Thanks to core parking, it appears that single-threaded benchmarks are in fact being kept on one CCX - most of the time. So, even if they are frequently moved between cores, they only suffer context switching and extra L2 misses, which hit in the L3 cache instead. That's a relatively minor problem, and Ryzen is well-equipped to deal with it since its L3 cache is high-bandwidth and reasonably low-latency.

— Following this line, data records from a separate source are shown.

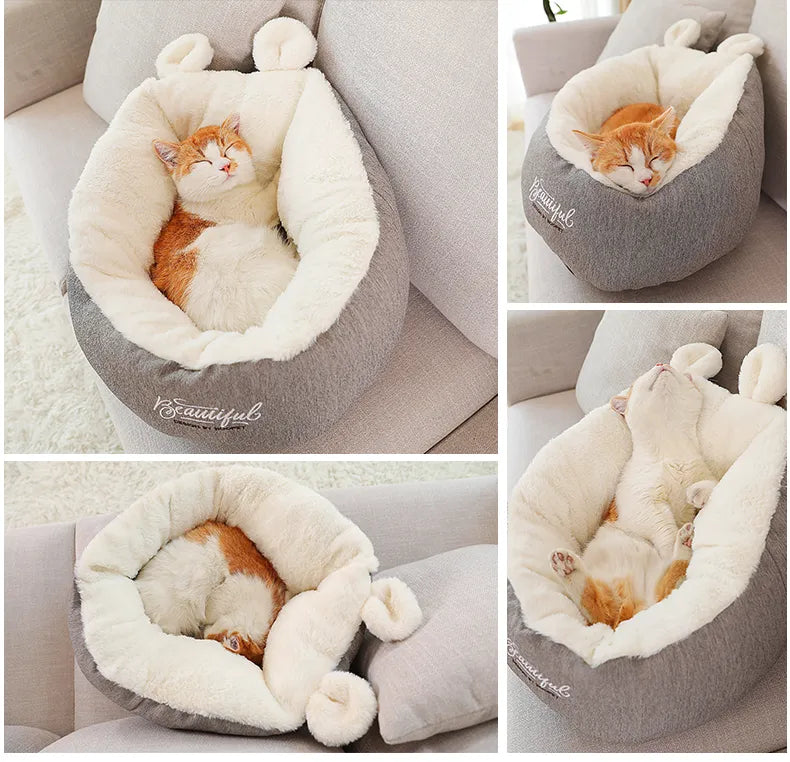 Soft cat bed with unique ear shape, perfect for small dogs too, a comfy pet supply.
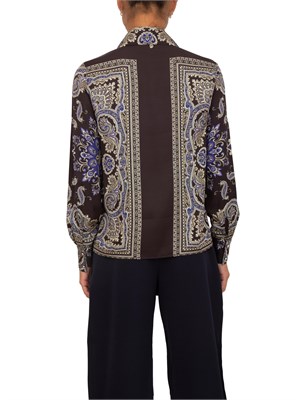 Camicia Liu Jo in twill di viscosa marrone con stampa all over in DONNA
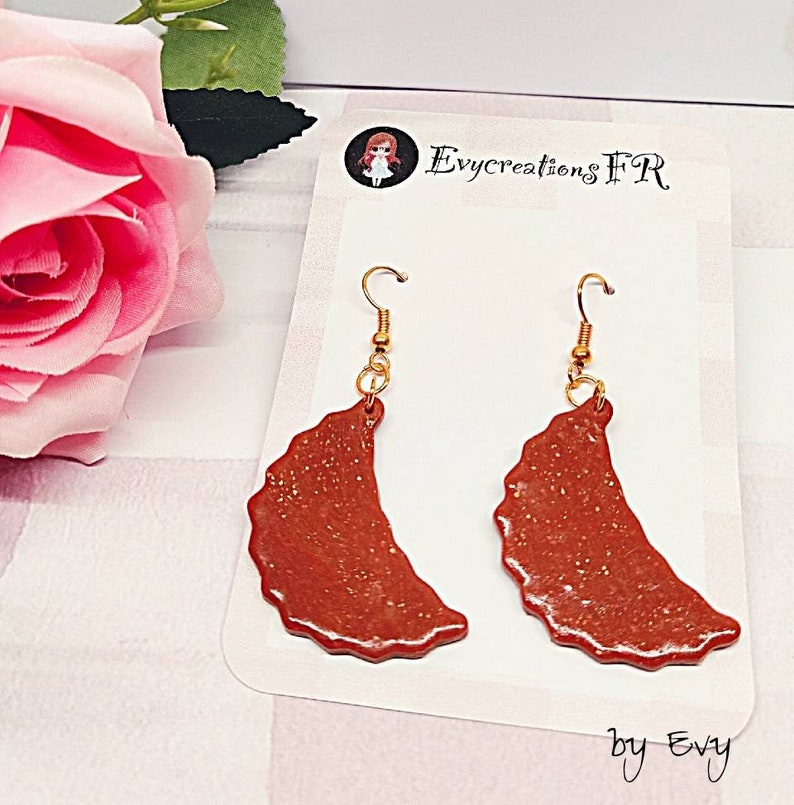 Handmade gold brown or golden moon fimo fimo earrings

With a full multi-threaded benchmark which uses all available cores (virtual and otherwise), the scheduler doesn't move threads around because there are no idle cores to move them to. Context-switch overhead and excess cache misses go away. Furthermore, most workloads of this type are "embarrassingly parallelisable" which means very little communication between threads is necessary for correct results - mostly "I've finished this batch" and "Here's another one to work on". Inter-CCX traffic therefore remains low, and Ryzen still performs very well.
Games don't cleanly fall into either of the above categories. Modern game engines are multithreaded to some degree, but they generally can't keep all 16 hardware threads busy at once, yet they *can* keep the CPU busy enough for many (if not all) cores to be unparked. Worse, they are not running clean, uniform, embarrassingly-parallelisable algorithms, but a heterogeneous mixture of producers and consumers which are *constantly* communicating and synchronising among themselves. This, for Ryzen, is the worst-case scenario.
And that's why we're talking about the problem in these terms - if we can tame Windows' scheduler, Ryzen will run faster in games.